● PROBLEM TO WORK ON:
Among the records, find the lines that hold the string "light" and return them.

● AVAILABLE DATA:
————

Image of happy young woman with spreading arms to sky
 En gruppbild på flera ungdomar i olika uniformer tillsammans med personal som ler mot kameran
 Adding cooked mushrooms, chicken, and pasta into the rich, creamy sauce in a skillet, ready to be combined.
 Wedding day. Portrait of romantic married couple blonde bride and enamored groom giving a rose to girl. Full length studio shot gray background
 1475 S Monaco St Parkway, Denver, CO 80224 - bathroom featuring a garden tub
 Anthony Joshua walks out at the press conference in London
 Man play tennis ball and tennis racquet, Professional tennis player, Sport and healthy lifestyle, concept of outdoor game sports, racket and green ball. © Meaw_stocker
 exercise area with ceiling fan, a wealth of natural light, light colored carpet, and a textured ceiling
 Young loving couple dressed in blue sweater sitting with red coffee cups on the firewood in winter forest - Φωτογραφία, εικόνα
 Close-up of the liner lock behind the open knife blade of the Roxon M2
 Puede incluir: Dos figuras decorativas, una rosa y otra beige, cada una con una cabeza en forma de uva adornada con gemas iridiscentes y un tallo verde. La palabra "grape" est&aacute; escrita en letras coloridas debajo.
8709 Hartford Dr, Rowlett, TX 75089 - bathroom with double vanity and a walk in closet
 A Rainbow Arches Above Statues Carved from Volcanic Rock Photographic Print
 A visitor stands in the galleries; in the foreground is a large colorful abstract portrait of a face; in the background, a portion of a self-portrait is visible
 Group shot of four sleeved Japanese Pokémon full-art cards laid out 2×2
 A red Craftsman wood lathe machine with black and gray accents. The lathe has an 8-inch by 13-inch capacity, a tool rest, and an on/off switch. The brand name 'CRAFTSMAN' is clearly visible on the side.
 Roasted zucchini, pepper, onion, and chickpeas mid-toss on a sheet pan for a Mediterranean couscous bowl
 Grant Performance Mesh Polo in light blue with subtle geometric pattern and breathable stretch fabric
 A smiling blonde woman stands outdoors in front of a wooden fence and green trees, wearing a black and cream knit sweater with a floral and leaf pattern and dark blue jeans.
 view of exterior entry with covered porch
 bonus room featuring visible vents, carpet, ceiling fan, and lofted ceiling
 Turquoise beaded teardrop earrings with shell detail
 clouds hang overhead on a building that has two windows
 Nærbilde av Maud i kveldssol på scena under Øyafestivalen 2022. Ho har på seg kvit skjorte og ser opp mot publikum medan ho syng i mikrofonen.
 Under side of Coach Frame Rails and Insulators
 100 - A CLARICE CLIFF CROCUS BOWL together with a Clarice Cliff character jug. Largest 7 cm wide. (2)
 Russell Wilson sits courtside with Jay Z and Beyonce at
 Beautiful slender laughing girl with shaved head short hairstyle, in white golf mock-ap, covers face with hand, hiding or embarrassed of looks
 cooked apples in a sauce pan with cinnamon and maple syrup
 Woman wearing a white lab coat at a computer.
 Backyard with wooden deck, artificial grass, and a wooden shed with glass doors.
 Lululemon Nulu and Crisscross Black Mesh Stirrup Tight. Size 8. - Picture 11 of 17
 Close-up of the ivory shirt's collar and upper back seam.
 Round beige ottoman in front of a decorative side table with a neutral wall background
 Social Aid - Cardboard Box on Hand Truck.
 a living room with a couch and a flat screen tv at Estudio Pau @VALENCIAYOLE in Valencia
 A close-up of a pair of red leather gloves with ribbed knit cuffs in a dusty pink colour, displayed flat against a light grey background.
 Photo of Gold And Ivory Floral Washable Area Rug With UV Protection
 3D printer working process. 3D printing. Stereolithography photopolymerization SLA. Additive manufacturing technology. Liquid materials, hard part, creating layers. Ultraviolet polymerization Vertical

————

● EXERCISE RESULT:
 exercise area with ceiling fan, a wealth of natural light, light colored carpet, and a textured ceiling
 Grant Performance Mesh Polo in light blue with subtle geometric pattern and breathable stretch fabric
 A close-up of a pair of red leather gloves with ribbed knit cuffs in a dusty pink colour, displayed flat against a light grey background.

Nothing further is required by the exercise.